The Drassidæ, like the Lycosidæ (p. [67]), are ground spiders, though some genera, like Anyphæna (p. [12]) and Clubiona (p. [15]), are equally common in summer on bushes. They make nests in the form of a bag or flattened tube, but no cobwebs for catching insects, and are commonly found running about among dead leaves and short grass and sometimes even on bare ground and sand. In form they are usually two or three times as long as they are wide, like the Lycosidæ (p. [67]), but more often flattened on the back. The legs differ but little in length, and the first and second pairs are directed forward, the third and fourth backward. Their hairs and spines are short, giving them a smooth, velvet-like appearance. The feet have two claws, with a brush of flattened hairs under them, like the Thomisidæ and Attidæ (p. [41]), but unlike the Lycosidæ (p. [67]), which have three claws. The mandibles are large and strong and are together as wide as the head. The eyes are all about the same size and arranged in two rows of about the same length and not far apart, but between different species there are slight differences in their arrangement. The colors are usually dull gray, brown, and black, with few markings or none. A few species are very brightly marked, as in Micaria (p. [9]) and Pœilochroa (p. [4]).
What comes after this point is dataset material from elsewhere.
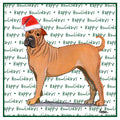 Chinese Shar-Pei Happy Howlidays Text - Women's V-Neck T-Shirt
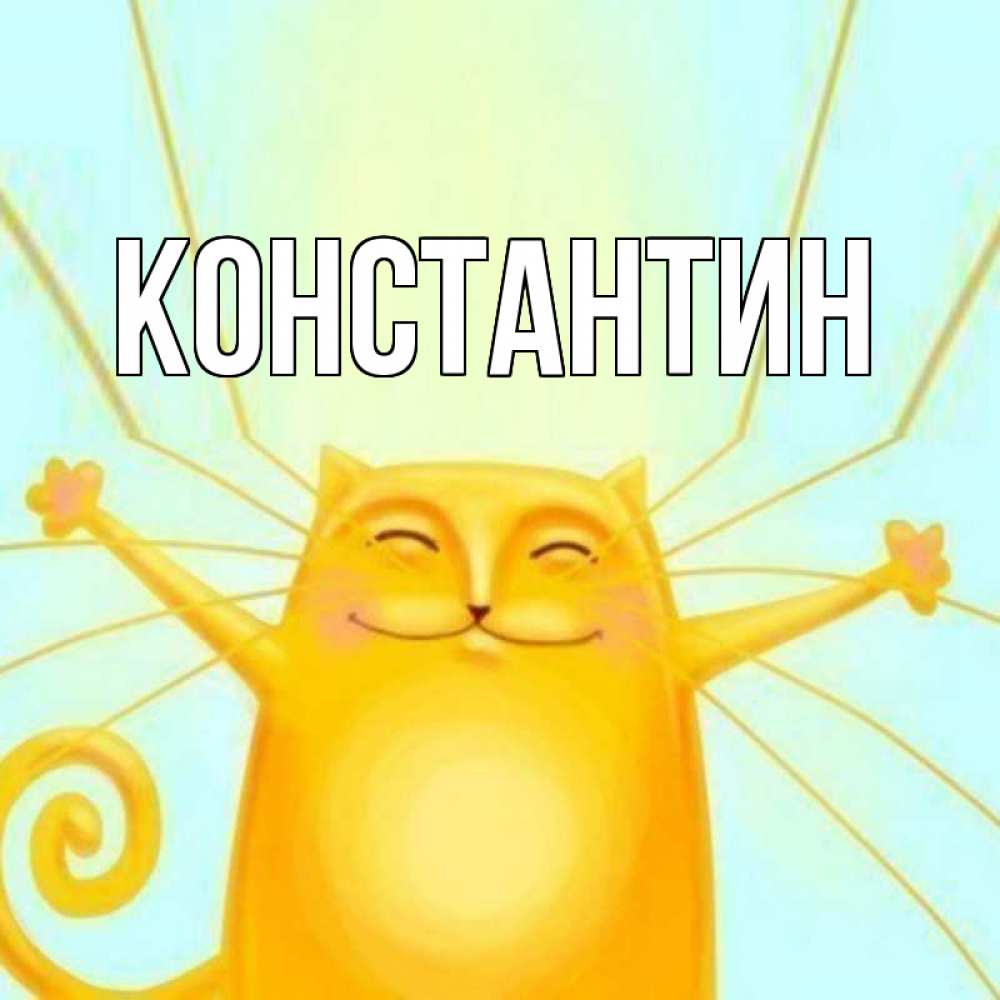 Открытка на каждый день с именем, Константин Главная солнечный обнимашечный кот Прикольная открытка с пожеланием онлайн скачать бесплатно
There are three groups among the Drassidæ:

1. Prosthesima, Gnaphosa, Pœcilochroa, Pythonissa, and Drassus, which are generally dark in color and flattened above, with the cephalothorax narrow in front and the eyes covering about half the width of the head and differing in their relative positions among the different genera. The labium is long and the maxillæ slightly widened at the end, or with the outer corners rounded off and sometimes a crease or depression in the middle. The joints of the first legs are sometimes thickened in the middle. The lower spinnerets are longer than the others and flat on the end.

2. Micaria, Geotrecha, Phrurolithus, Agrœca, and Anyphæna, in which the body is less flattened, the legs longer, and the movements quicker. The colors are lighter and more varied. The labium is short and the maxillæ with straight sides.